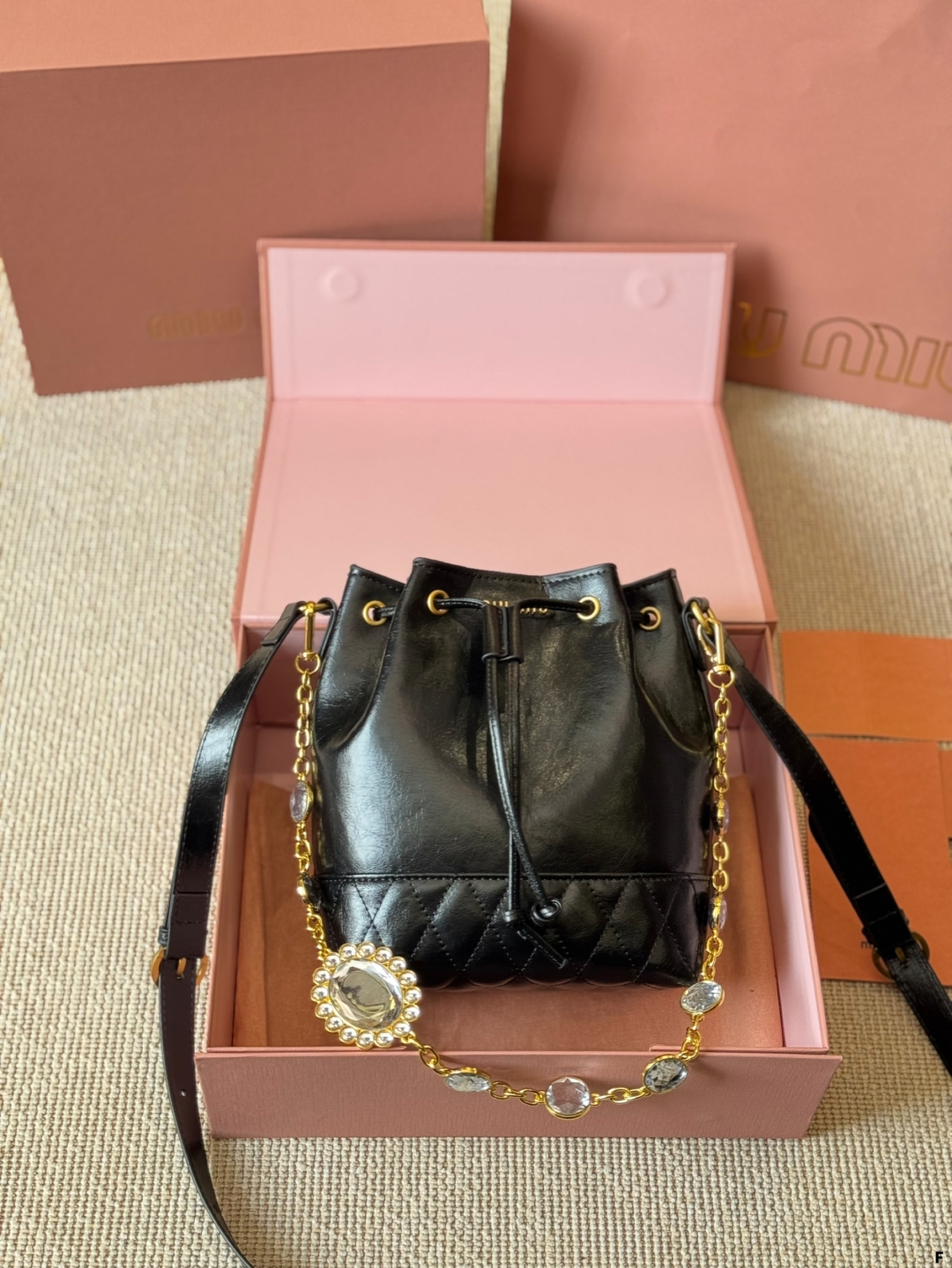 MiuMiu waxed leather small bucket bag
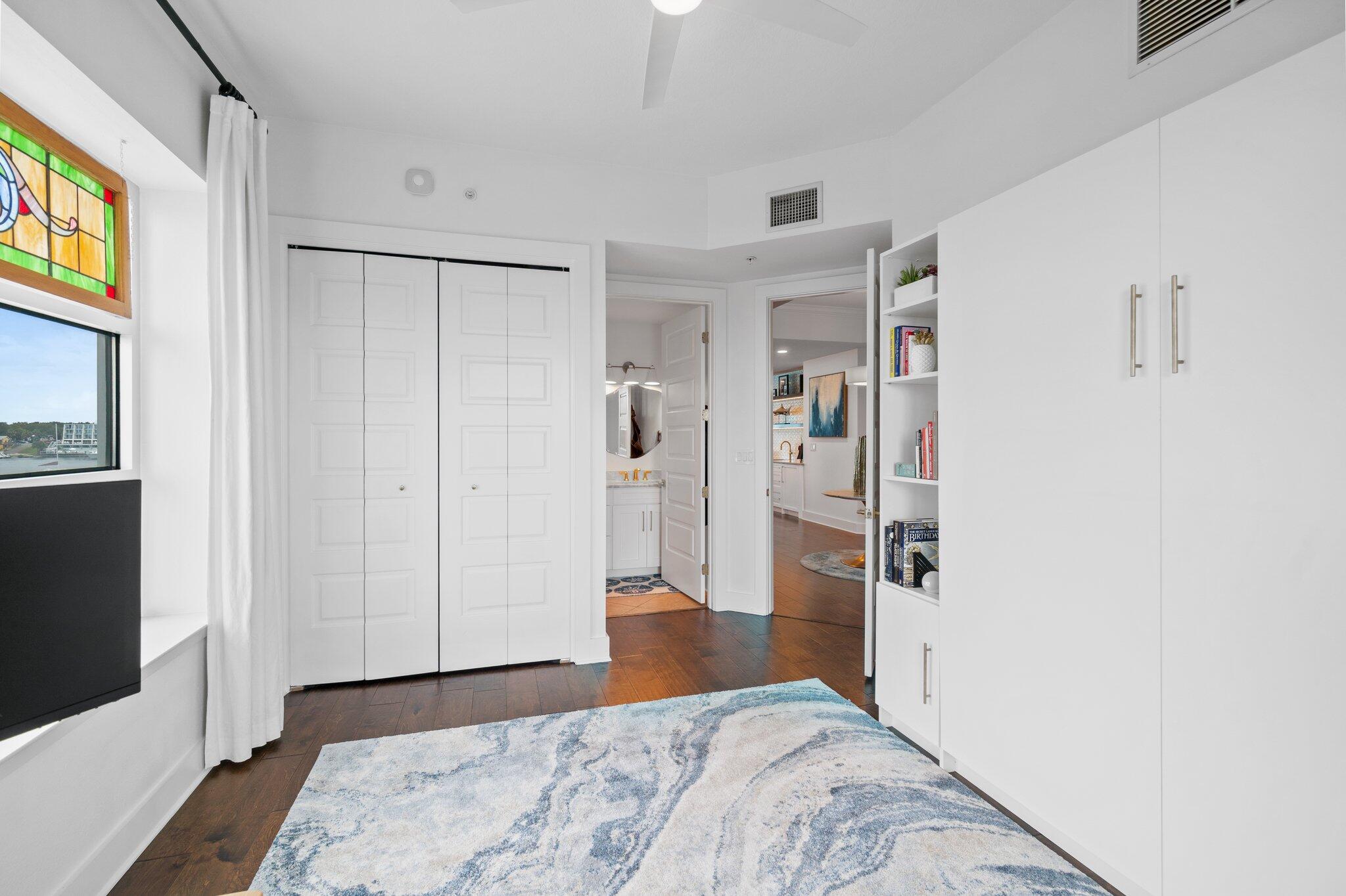 211 Durango Road, Unit 311 Destin, FL 32541 - Photo 30 of 71 a bedroom with a bed and a view of bathroom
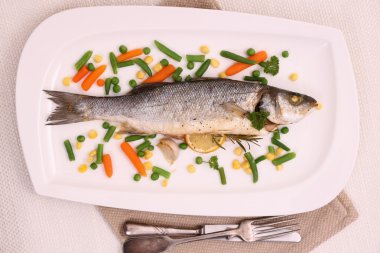 Fried whole sea bass with vegetables and lemon clipart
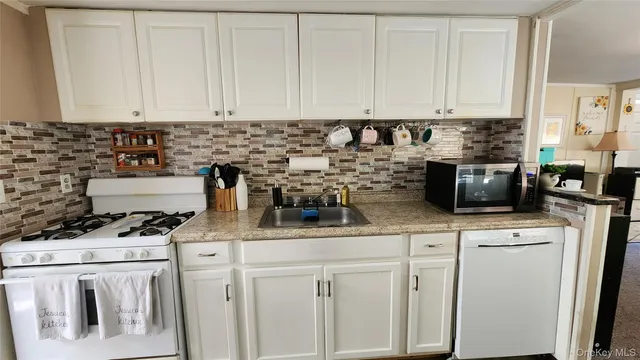 a kitchen with white cabinets and white appliances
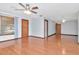 Open living room with hardwood floors, ceiling fan, and bright natural light at 1514 Florida Ave, Palm Harbor, FL 34683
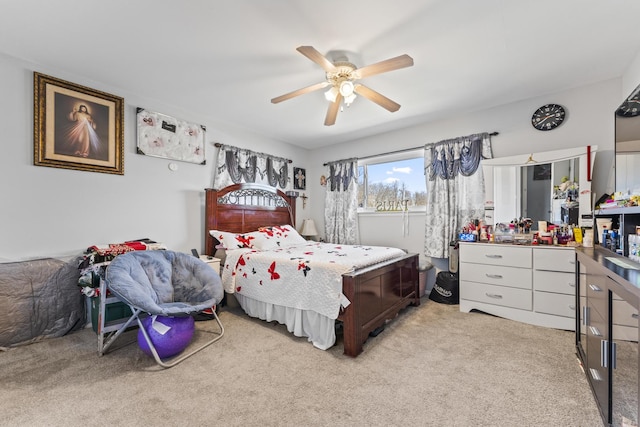 bedroom featuring light carpet and a ceiling fan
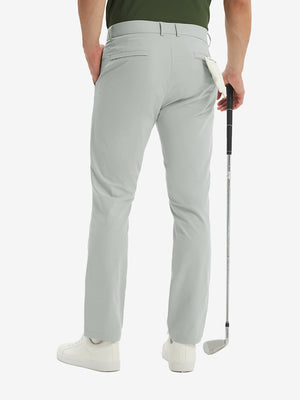 Rear lower-body: model in light grey stretch quick dry casual golf pants with 4 pockets holding golf club in right hand.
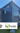 Modular container home on a grassy area with 'AgQuip' and 'AgTrader' logos.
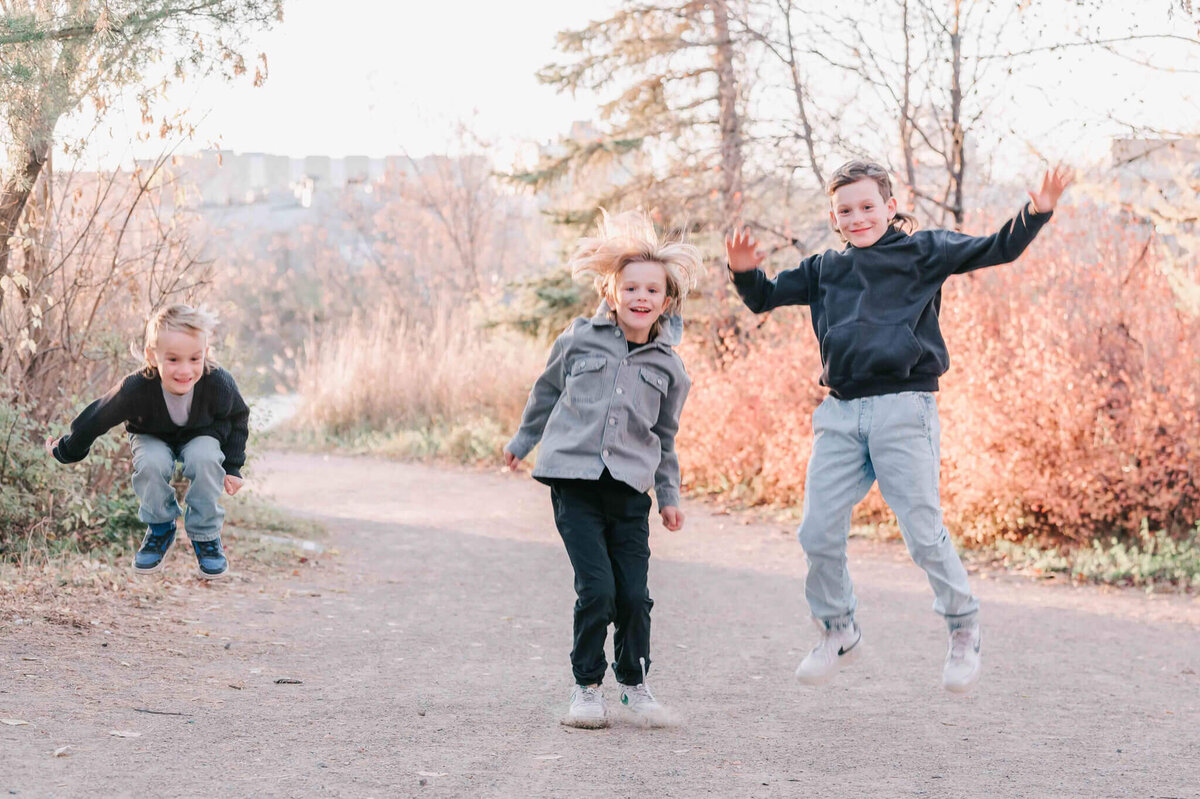 3 young boys jump high in the air. 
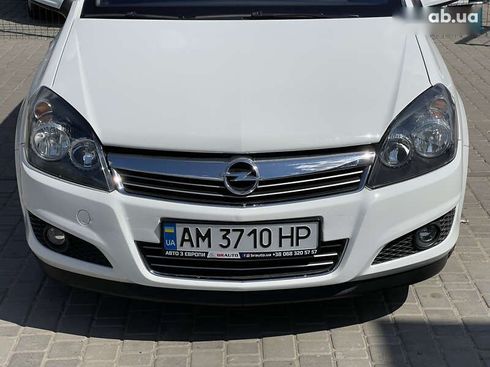 Opel Astra 2010 - фото 14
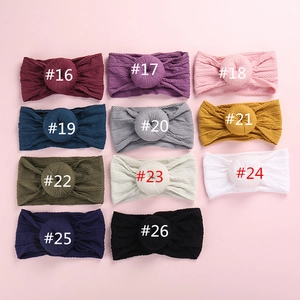 Flat lay of 11 colors of soft ribbed knit baby headbands with donut knot details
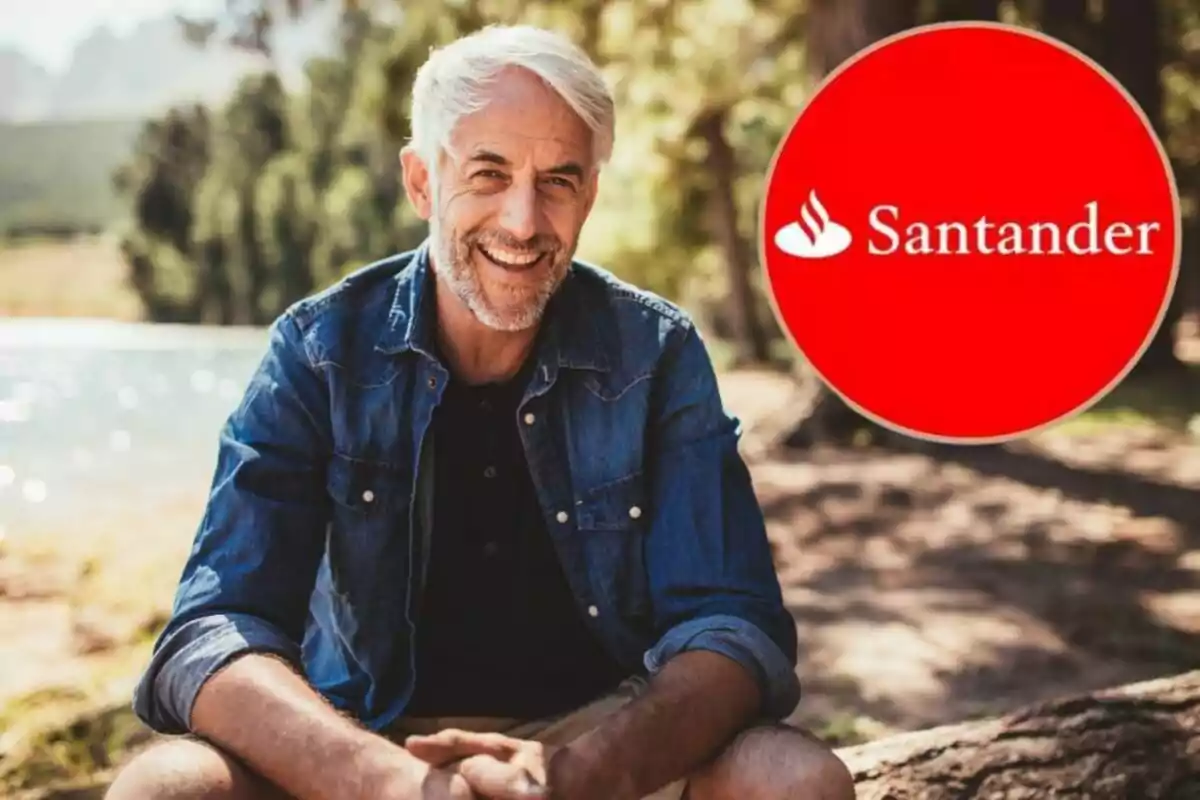 Hombre de cabello canoso y barba, sonriendo, sentado al aire libre con un logotipo de Santander en la esquina derecha.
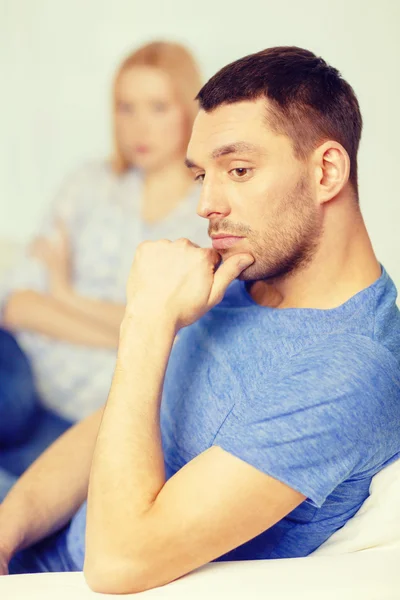 Upset young man with man on the back at home — Stock Photo, Image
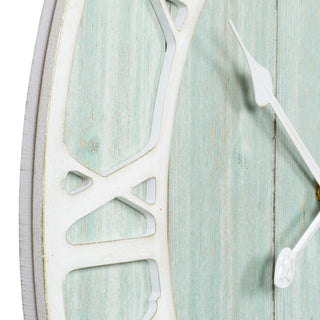 Close-up detail of the layered construction in wood of the 404-4060 23.5‑inch Harbor Tides wall clock features a distressed light teal wooden frame with an open face dial design, wood cut out Roman numerals in a light distressed white, and decorative metal hour and minute hands.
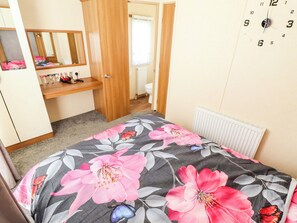 Ein Schlafzimmer mit Bett, Kleiderschrank, Spiegel und Heizkörper.
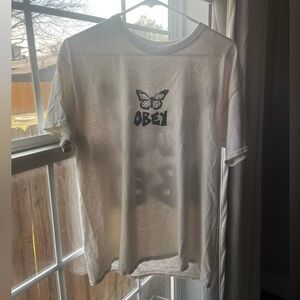 Size men’s small (women’s medium) beige Obey t shirt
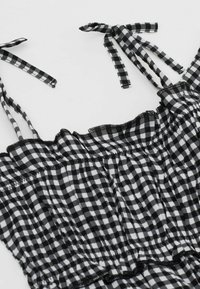 Schwarz-weißer karierter Kleid mit dünnen Schulterträgern, rüschierten Kanten und elastischem Taillenbund, der ein Gingham-Muster aufweist.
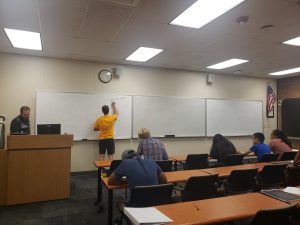 A classroom with a teacher at a podium on the left and a student in a yellow shirt writing on a whiteboard. Several students sit at desks facing the front, taking notes or reading.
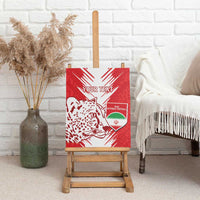 Red canvas wall art with leopard head artwork and shield emblem on wooden easel
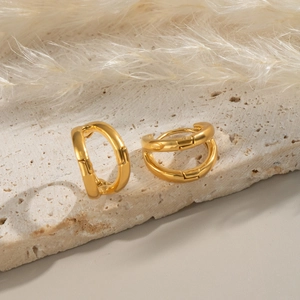 Minimalist double-layer C-shaped gold-plated hoop earrings on elegant stone surface
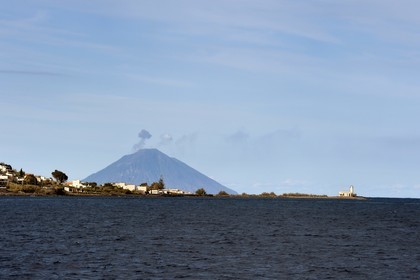 Italy, Sicily, Aeolian Islands, listed as World Heritage by UNESCO, Lighthouse of the village of Lingua on Salina Island, the Stromboli volcano in the background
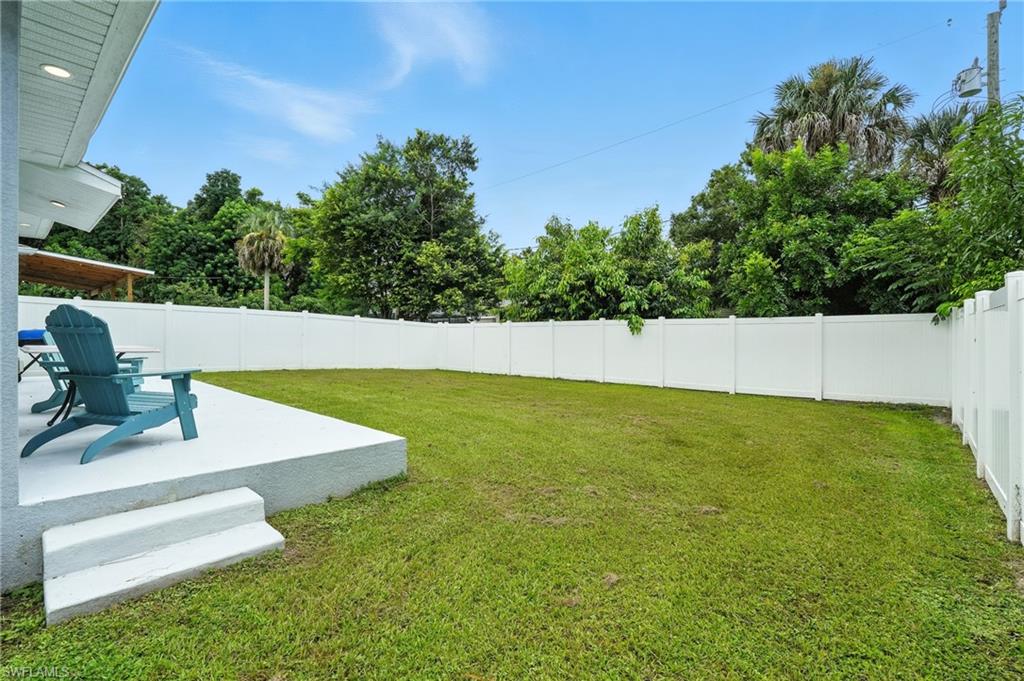 Fenced backyard with a patio area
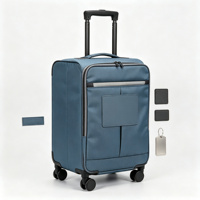 Valise souple pliable à roulettes en tissu bleu avec poches organisatrices frontales, poignée télescopique et protections d'angle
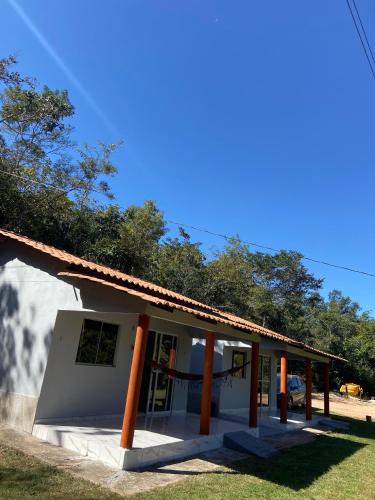 a small white building with orange poles on it at Praia do Jatobá in Sao Jorge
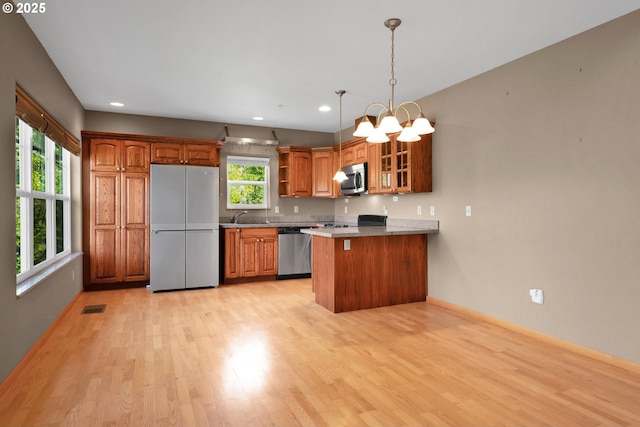425 SE Shell Ave Unit 4, Depoe Bay, OR 97341 - kitchen featuring stainless steel appliances, a peninsula, light wood-style floors, glass insert cabinets, and brown cabinets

══════════

▸ **WHAT YOU NEED TO DO**: Word for word, restate all of the records. Exclude the pictures.

▸ **SOLUTION TO THE EXERCISE**:
 MiuMiu waxed leather small bucket bag
 211 Durango Road, Unit 311 Destin, FL 32541 - Photo 30 of 71 a bedroom with a bed and a view of bathroom
 Fried whole sea bass with vegetables and lemon clipart
 a kitchen with white cabinets and white appliances
 Open living room with hardwood floors, ceiling fan, and bright natural light at 1514 Florida Ave, Palm Harbor, FL 34683
 bedroom featuring light carpet and a ceiling fan
 Rear lower-body: model in light grey stretch quick dry casual golf pants with 4 pockets holding golf club in right hand.
 Modular container home on a grassy area with 'AgQuip' and 'AgTrader' logos.
 3 young boys jump high in the air. 
 Opel Astra 2010 - фото 14
 Flat lay of 11 colors of soft ribbed knit baby headbands with donut knot details
 Hombre de cabello canoso y barba, sonriendo, sentado al aire libre con un logotipo de Santander en la esquina derecha.
 Upset young man with man on the back at home — Stock Photo, Image
 Close-up detail of the layered construction in wood of the 404-4060 23.5‑inch Harbor Tides wall clock features a distressed light teal wooden frame with an open face dial design, wood cut out Roman numerals in a light distressed white, and decorative metal hour and minute hands.
 Ein Schlafzimmer mit Bett, Kleiderschrank, Spiegel und Heizkörper.
 Size men’s small (women’s medium) beige Obey t shirt
 Schwarz-weißer karierter Kleid mit dünnen Schulterträgern, rüschierten Kanten und elastischem Taillenbund, der ein Gingham-Muster aufweist.
 A classroom with a teacher at a podium on the left and a student in a yellow shirt writing on a whiteboard. Several students sit at desks facing the front, taking notes or reading.
 Red canvas wall art with leopard head artwork and shield emblem on wooden easel
 Minimalist double-layer C-shaped gold-plated hoop earrings on elegant stone surface
 Italy, Sicily, Aeolian Islands, listed as World Heritage by UNESCO, Lighthouse of the village of Lingua on Salina Island, the Stromboli volcano in the background
 Fenced backyard with a patio area
 Valise souple pliable à roulettes en tissu bleu avec poches organisatrices frontales, poignée télescopique et protections d'angle
 a small white building with orange poles on it at Praia do Jatobá in Sao Jorge
425 SE Shell Ave Unit 4, Depoe Bay, OR 97341 - kitchen featuring stainless steel appliances, a peninsula, light wood-style floors, glass insert cabinets, and brown cabinets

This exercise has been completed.